The journal Physics World has named the first landing of a research probe on a comet as its 2014 Breakthrough of the Year. The Physics World editorial team decided to single out the historic achievement of the scientists working on the Rosetta mission for its significance and fundamental importance to space science. A team headed by Dr. Göstar Klingelhöfer at Johannes Gutenberg University Mainz (JGU) developed the alpha particle x-ray spectrometer on board Philae, the lander of the ESA mission to the comet Churyumov-Gerasimenko. On November 12, 2014 the lander touched down on the comet after a ten-year journey aboard the Rosetta spacecraft. Physics World is the journal produced for members of the UK-based Institute of Physics (IOP), one of the largest associations of physicists in the world.

Listed among its ten most important 2014 breakthroughs of the year were also the recent discoveries of the Borexino experiment, in which a team of physicists from Mainz University led by Professor Michael Wurm are participating.

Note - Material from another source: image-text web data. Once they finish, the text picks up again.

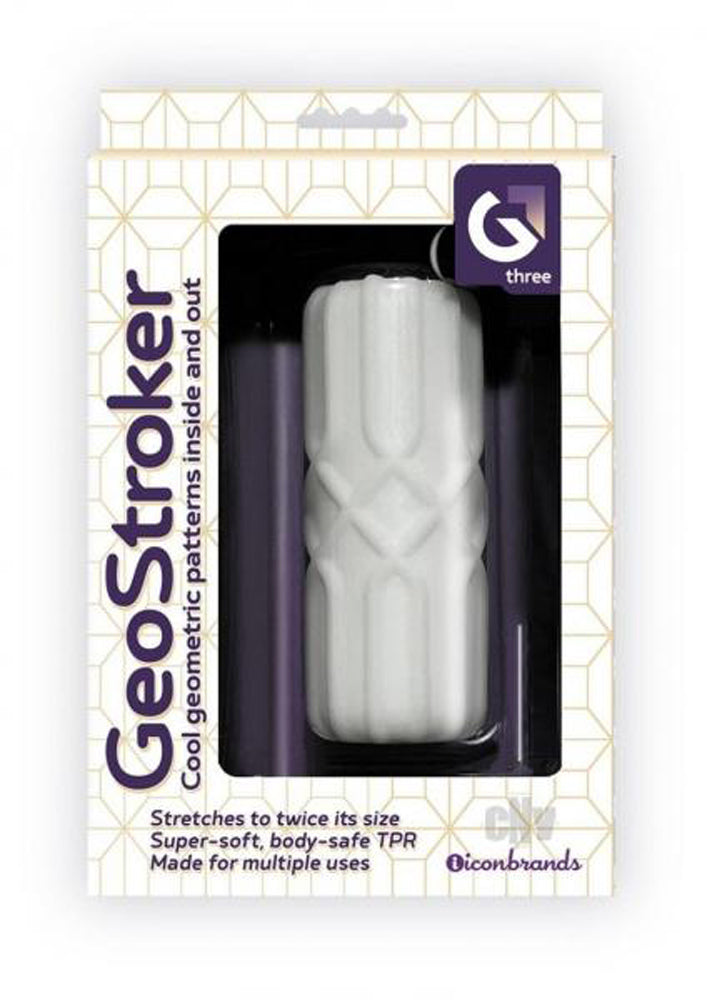 Geostroker 3 Stroker - White | 847841031066 | Discreet Personal Wellness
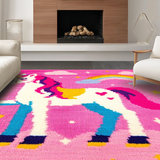 Lively Multicolor Swirl Motif(Pink)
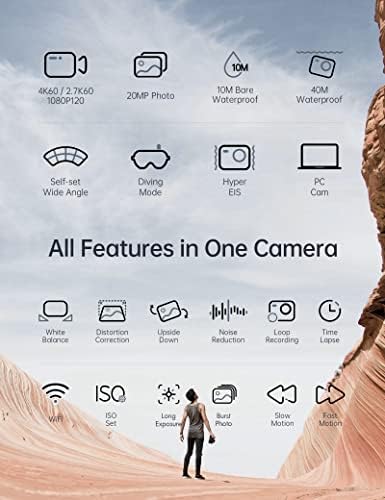 WOLFANG GA420 Dual Screen Action Camera 4K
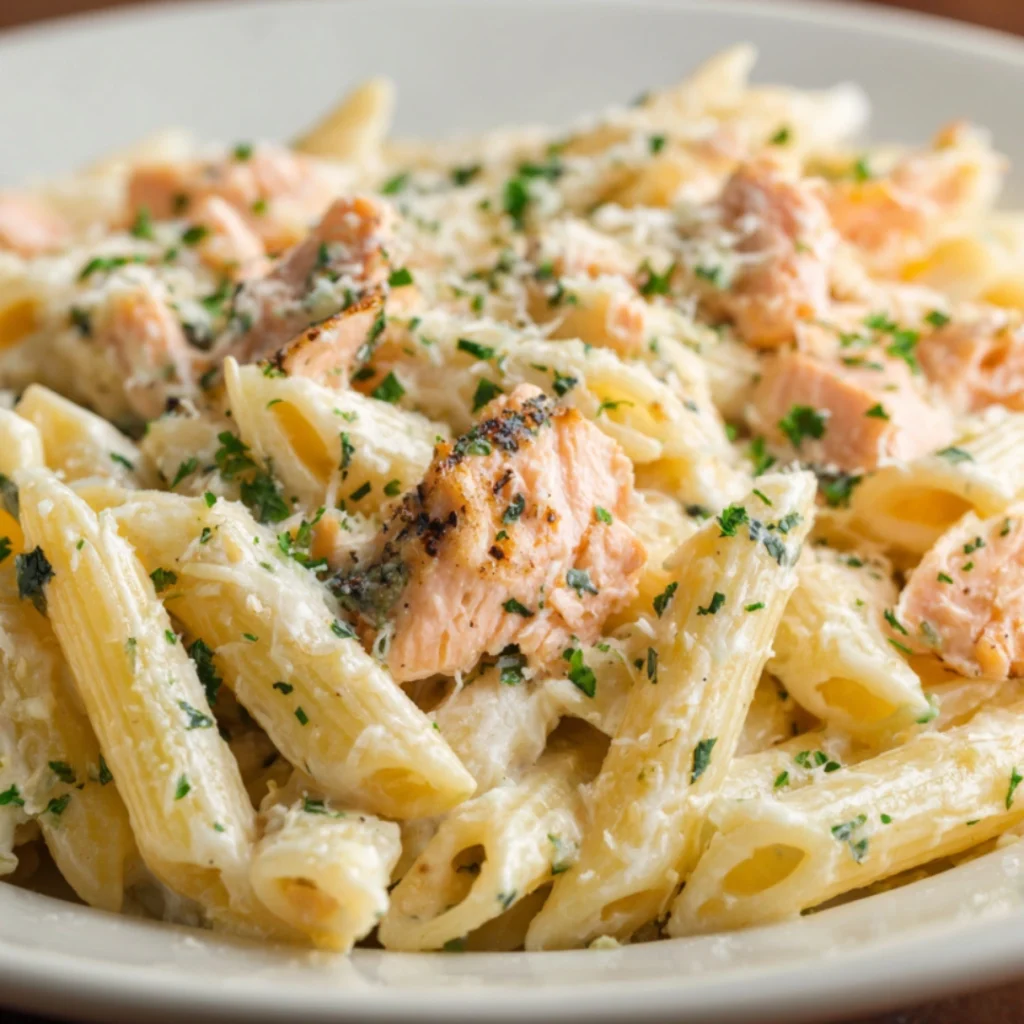 creamy salmon pasta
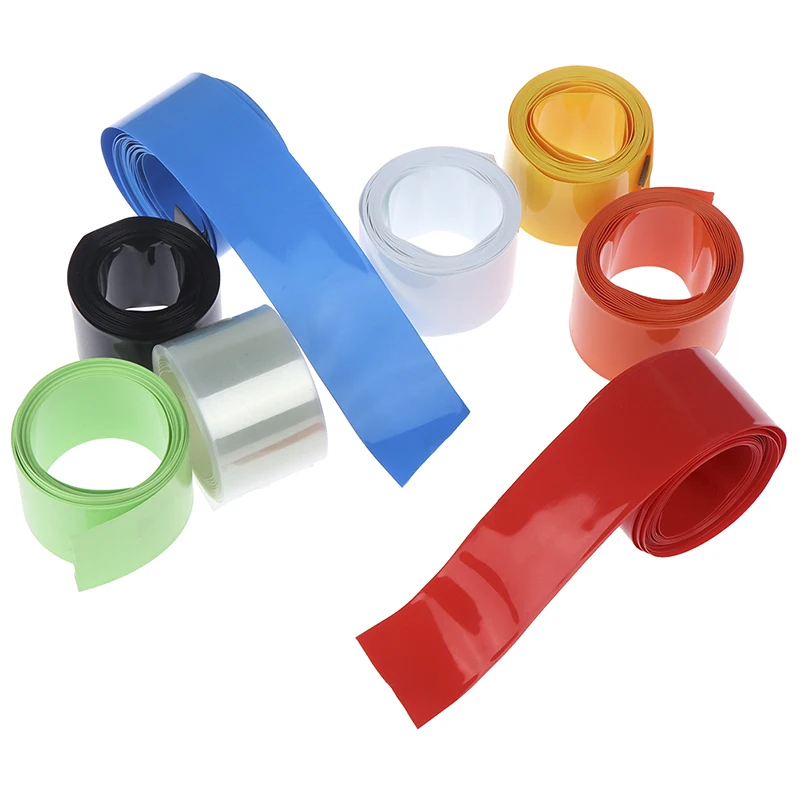 Custom 0.15mm shrink wrapping thick 400mm heat shrink tube width PVC Heat Shrink for battery pack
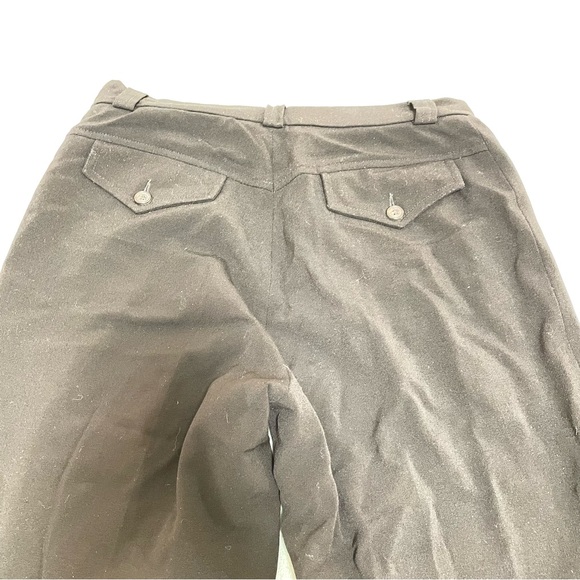 Piazza Sempione Pants High Waisted  Wide Leg Wool Blend Black Size IT 40… - Picture 10 of 12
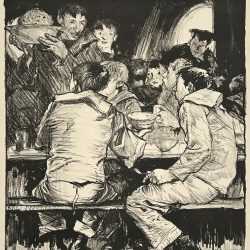 Print by Frank Brangwyn: Making Sailors: Duff, available at Childs Gallery, Boston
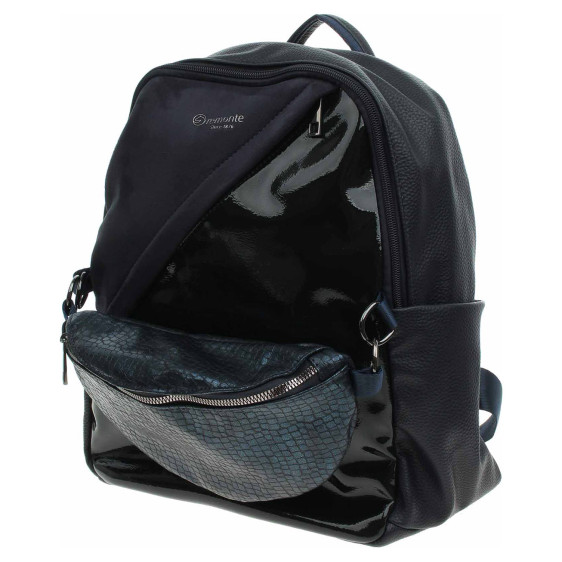 detail Remonte dámský batoh s ledvinkou Q0533-14 blau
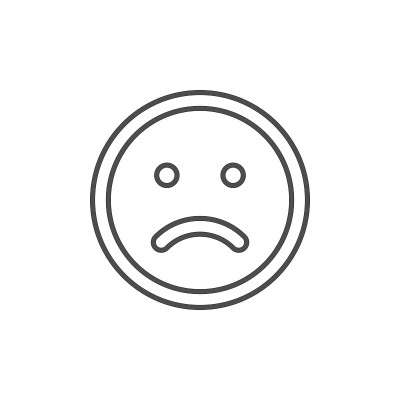 悲伤的微笑线轮廓图标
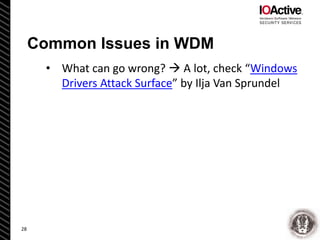 Reverse Engineering and Bug Hunting on KMDF Drivers - Enrique Nissim ...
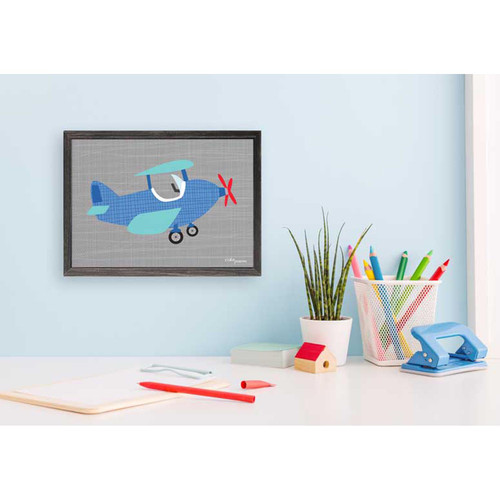 Ways to Wheel - Little Plane Mini Framed Canvas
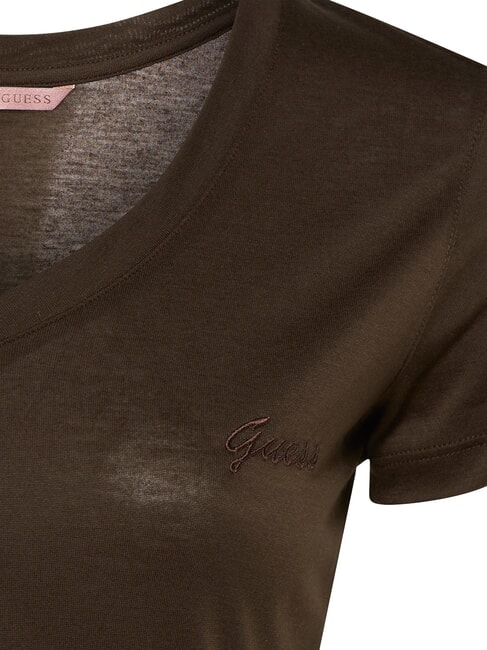 VN SS LIGHT BASIC Soft V-neck T-shirt espresso brown - T-shirt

Shielded deep within the bowels of the Gran Sasso mountain, the experiment is designed to detect neutrinos, an elusive form of particle created during nuclear fusion in the core of the sun. Although billions of such particles penetrate every square centimeter of the planet Earth every second, they are extremely difficult to capture. For the first time, Borexino has been able to directly detect neutrinos created during one of the most important nuclear reactions that occur in the sun, the fusion of two hydrogen nuclei.